I really have no ideas -- something with Euler's Criterion maybe? -- any help would be appreciated. Thanks. - Nov 4th 2010, 11:09 PMroninpro
You should try using the Chinese Remainder Theorem.

It will suffice to show that $\displaystyle a^{\varphi(n)/2}\equiv 1\pmod{r}$ and $\displaystyle a^{\varphi(n)/2}\equiv 1\pmod{s}$ simultaneously. Keep in mind that $\displaystyle \varphi(n)=\varphi(rs)=\varphi(r)\varphi(s)$. - Nov 4th 2010, 11:43 PMkimberu
Thank you! In trying the Chinese Remainder Theorem on those two congruences, if I set x = $\displaystyle a^{\varphi(n)/2} $, I get that N1 = rs/r = s and N2 = rs/s = r, and then I get stuck again at solving sx $\displaystyle \equiv$ 1 (mod r) and rx $\displaystyle \equiv$ 1 (mod s). Did I do something wrong here?

- Nov 5th 2010, 12:50 AMmelese
Note that here $\displaystyle gcd(a,n)=1 $, and therefore $\displaystyle gcd(a,r)=gcd(a,s)=1$.

Euler's Theorem implies that $\displaystyle a^{\phi(r)}\equiv1\bmod r$; also $\displaystyle \phi(r)$ is even since $\displaystyle r\geq3$. Hence $\displaystyle a^{(\phi(r)\cdot\phi(s))/2}=(a^{\phi(r)})^{\phi(s)/2}\equiv1^{\phi(s)/2}=1\bmod r$. In a similar way, we have the congruence $\displaystyle a^{(\phi(r)\cdot\phi(s))/2}\equiv1\bmod s$.

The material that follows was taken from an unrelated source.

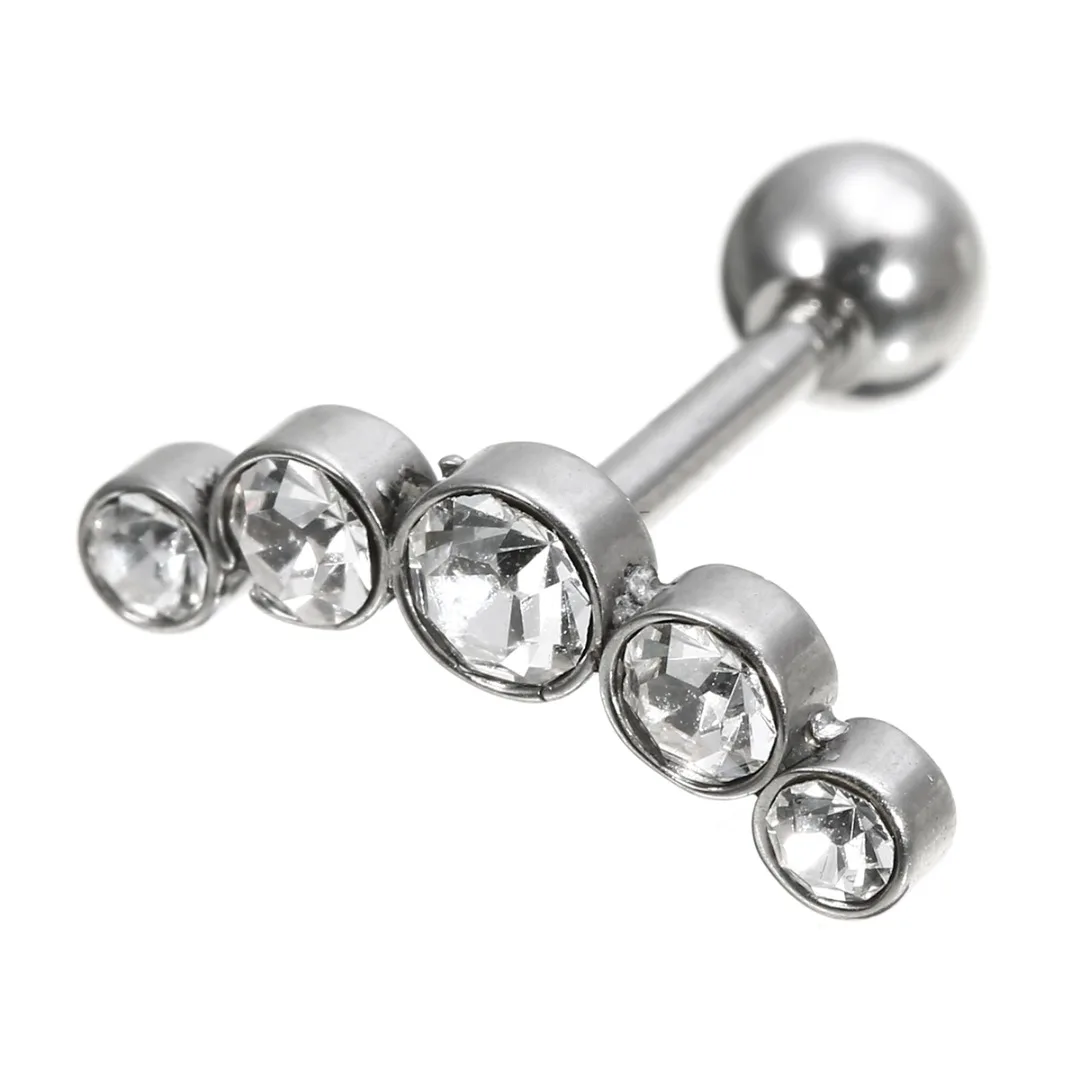 1PC Surgical Steel CZ Crystal Tragus Barbell Stud Cartilage Helix Upper Ear Stud Earring Women Body Piercing Jewelry Shellhard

By hypothesis $\displaystyle gcd(r,s)=1 $, so we can merge the main congruences to one that is equivalent, namely $\displaystyle a^{\phi(r)\cdot\phi(s))/2}\equiv1\bmod rs$. But $\displaystyle \phi(n)=\phi(r)\cdot\phi(s)$, so $\displaystyle a^{\phi(n)/2}\equiv1\bmod n$. - Nov 5th 2010, 01:04 AMkimberu
Thank you so much! I think I understand it now.